### WHAT THE EXERCISE ASKS
What you return should be the lines from the one with "Fototapeta na wymiar" through the one with "Daniel Cormier and" in the data below, reproduced exactly with both ends, and no pictures at all.

### RECORD SET

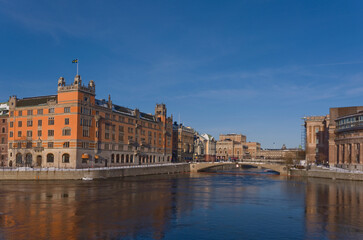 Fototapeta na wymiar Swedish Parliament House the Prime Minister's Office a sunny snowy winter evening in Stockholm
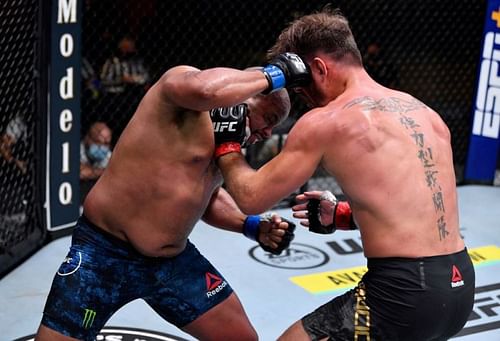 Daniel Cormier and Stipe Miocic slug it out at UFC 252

==

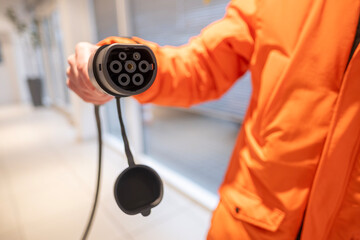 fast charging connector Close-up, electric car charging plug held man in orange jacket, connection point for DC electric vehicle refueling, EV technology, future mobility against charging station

...

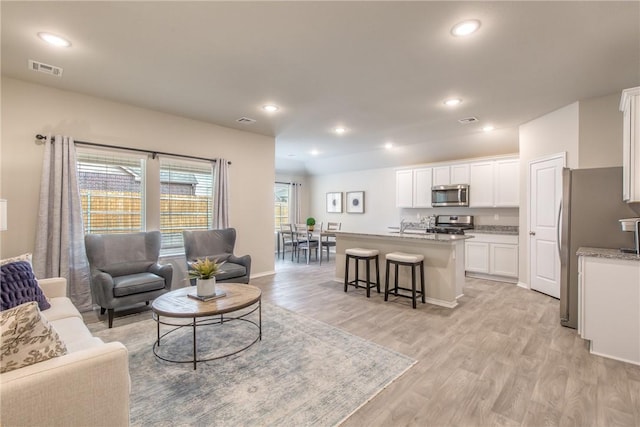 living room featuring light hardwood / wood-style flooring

### ANSWER FOR THIS EXERCISE
 Fototapeta na wymiar Swedish Parliament House the Prime Minister's Office a sunny snowy winter evening in Stockholm
 Daniel Cormier and Stipe Miocic slug it out at UFC 252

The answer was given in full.